Sunday, January 28, 2024

Explaining Gamelin's Defeat at the Battle of France

General Maurice Gamelin’s hubris and self-delusion certainly played a role in France's defeat, but were those the only reasons for that defeat?

The willful ignorance of the geography and history surrounding the Ardennes Forest wasn’t limited to just a few military leaders but seemed to be widespread throughout the top levels of the French military. How did this institutional rot become so widespread? Here are two theories that may explain this:

  1. The “blinded by science” theory: the French saw Germany’s use of blitzkrieg in the invasion of Poland in 1939, and they failed to grasp the significance of it. This is akin to when one chess player doesn’t understand his opponent’s strategy mid-game. The world was seeing a revolution in heavy mechanized warfare, and the French didn’t understand the scope of its applicability.
  2. The “historical materialism theory”: during the interwar years, France was a hotbed of Marxist-influenced thought, and Marxists are extremely comfortable with revising history to fit their narrative. The result is that history becomes detached from reality and is instead grounded in wishful thinking and the eternal Year Zero. This may be why Gamelin discounted the results of the 1939 summer exercises – the historical materialist would say that what happened last year has no bearing on the present beyond the repositioning of economic classes, followed by even more word salad.
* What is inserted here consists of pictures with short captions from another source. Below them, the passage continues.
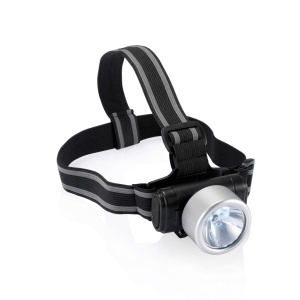 XD Everest headlight - Img 2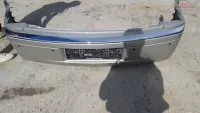 Bara Spate Chrysler 300 C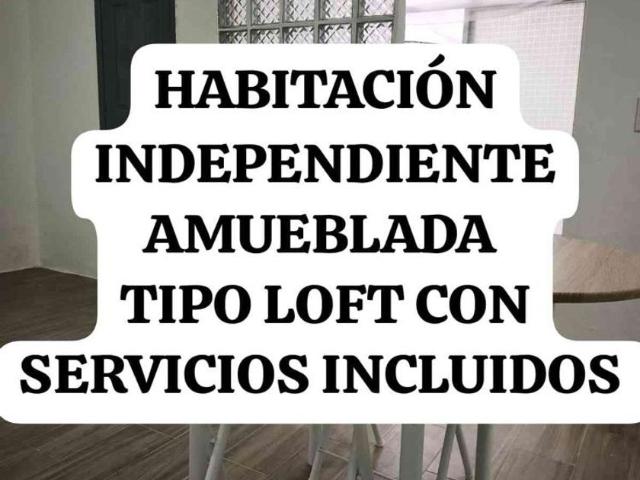 Departamento en renta Ex ejido De Santa Úrsula Coapa, Coyoacán, Cdmx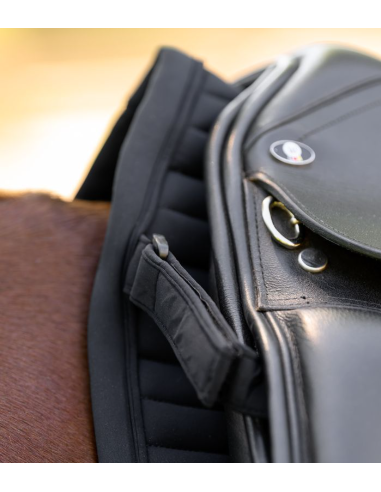 Tapis Mixte Trinidad - Waldhausen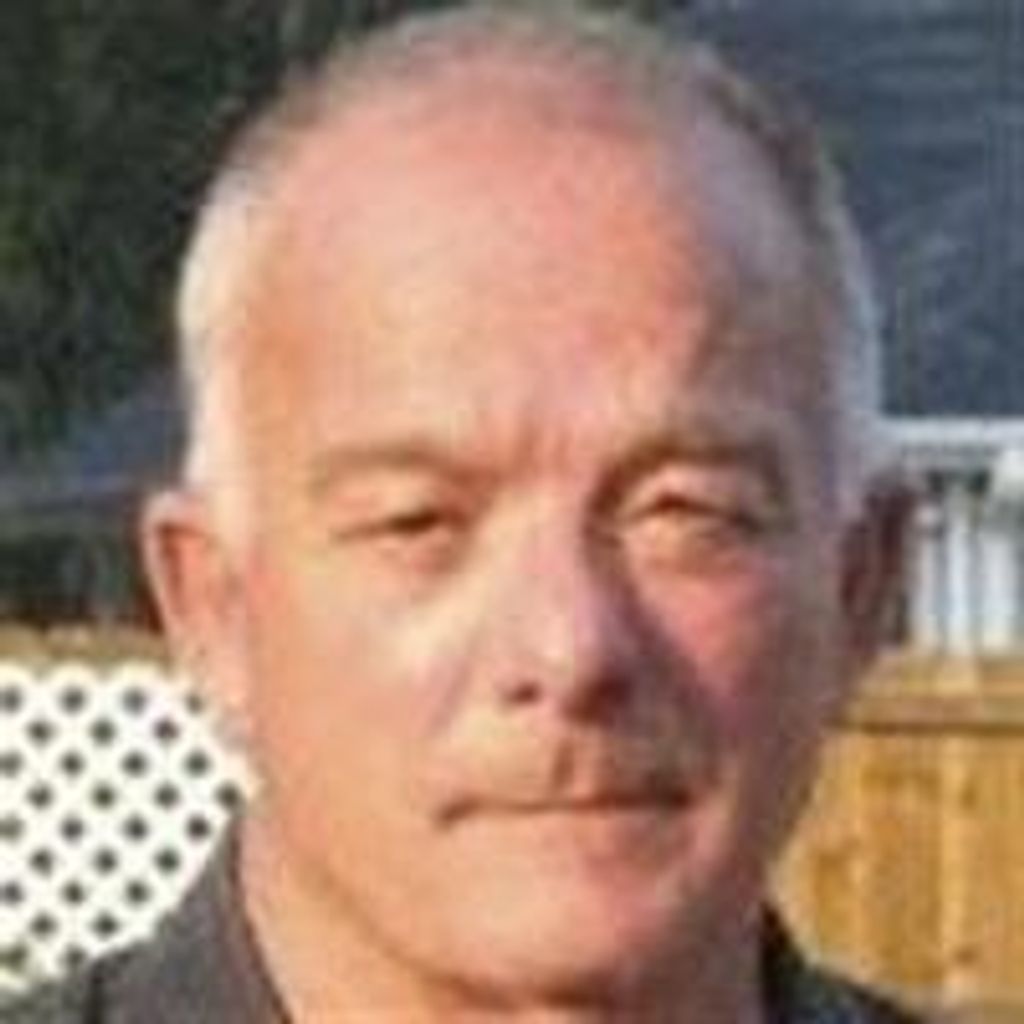 Arlis Reynolds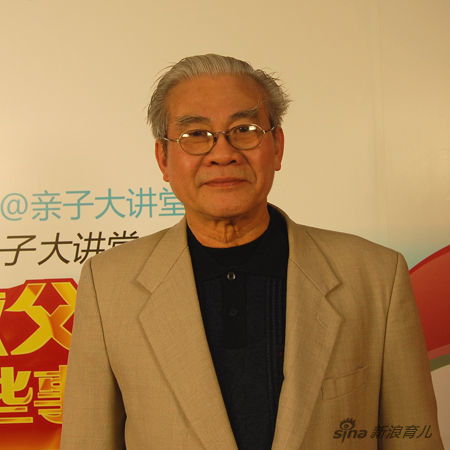 《陈禾传》文言文翻译
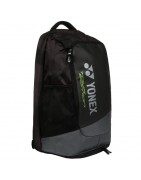 Yonex tennis - Tous les sacs de tennis Yonex au meilleur prix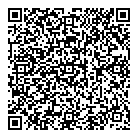 QR код "Мир джинс"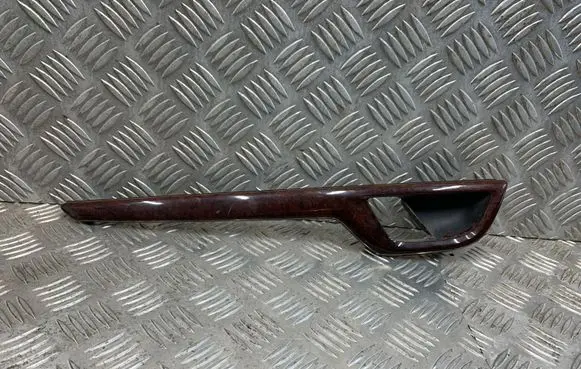 Volvo V70 Electric window control switch 6765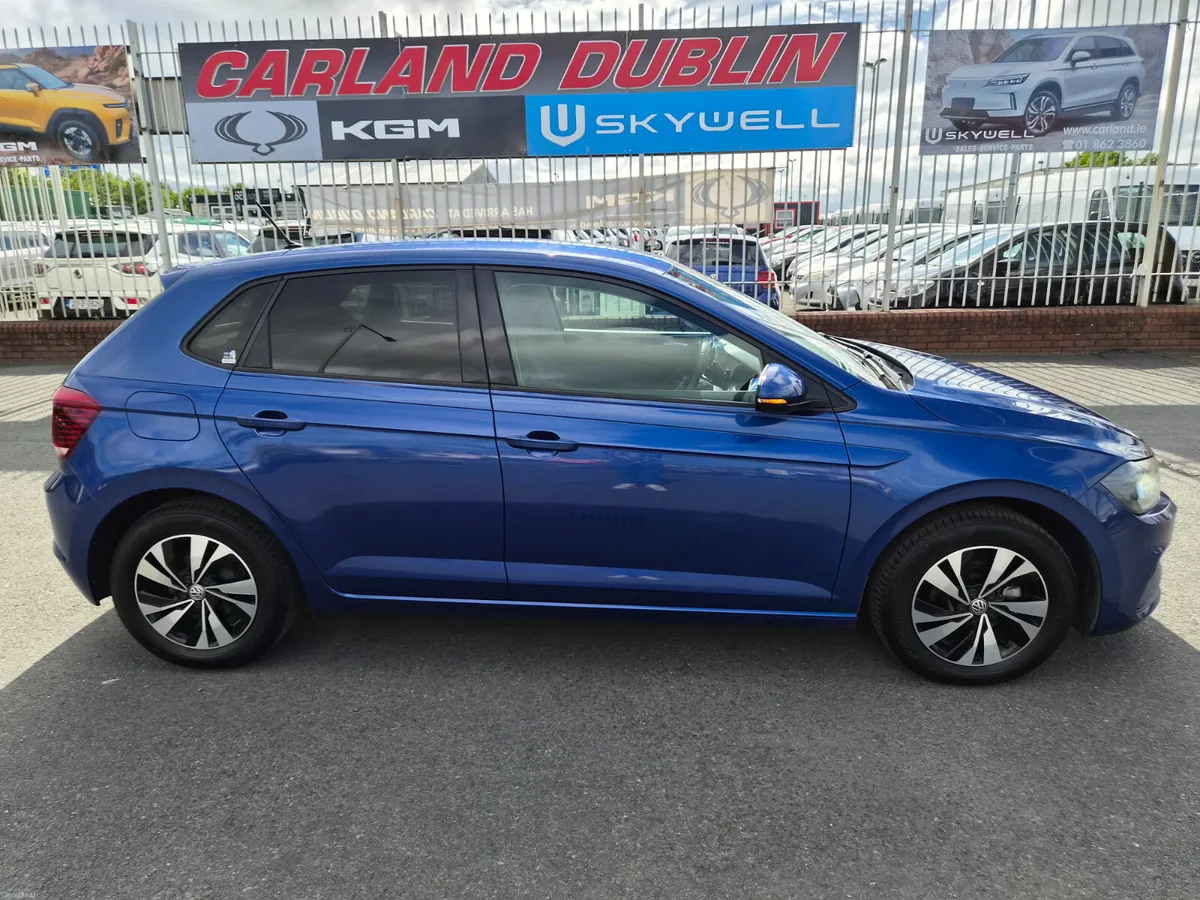 (2yr warranty) 1.0L Automatic - Image 3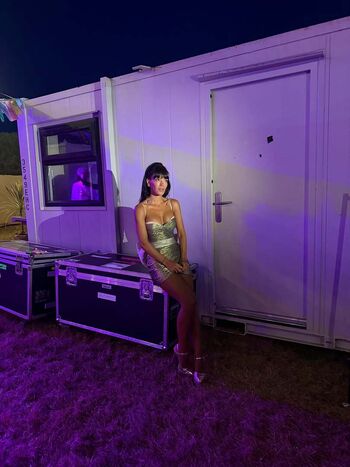 Full leaked Lily allen page private onlyfans photo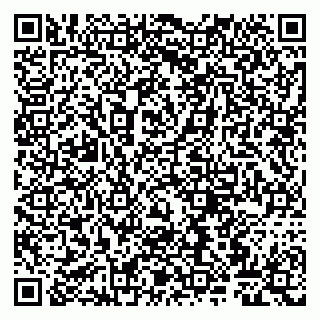 vCard 79807268696
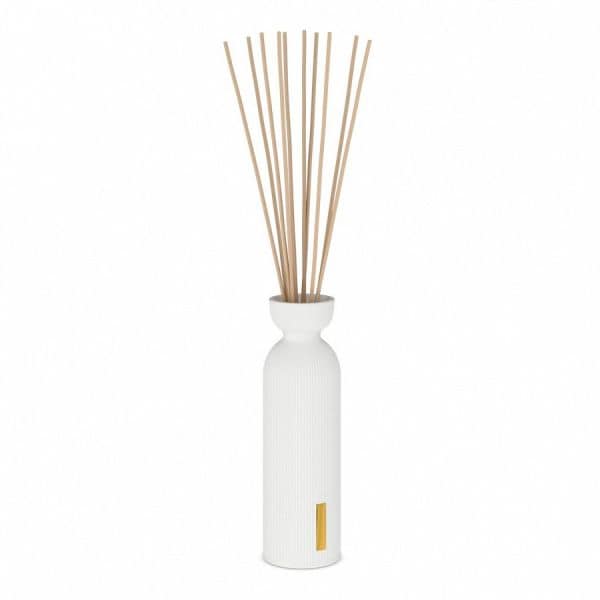 Rituals The Ritual Of Sakura Fragrance Sticks  Betisoare Parfumate 250 ml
Both theories may be grasping at straws, and it would be very difficult to either prove or disprove them. A little scrap of information supporting the second theory comes from Pétain, who attributed the French defeat to “the work of 30 years of Marxism,” (Langer, 2013) but this can be his attempt to shift the blame. Another quote of his (Giannelia, 1941) is that “France will become again what she should never have ceased to be, an essentially agricultural nation. Like the giant of mythology, she will recover all her strength by contact with the soil,” thoughts that would be echoed by Pol Pot 30 years later.

References

Giannelia, P. (1941). “France returns to the soil”. Land and Freedom. Retrieved 28 Jan 2024 from https://cooperative-individualism.org/giannelia-pavlos_france-returns-to-the-soil-1941-jan-feb.htm

Langer, H. J. (2013). World War II: An encyclopedia of quotations. Greenwood Publishing Group.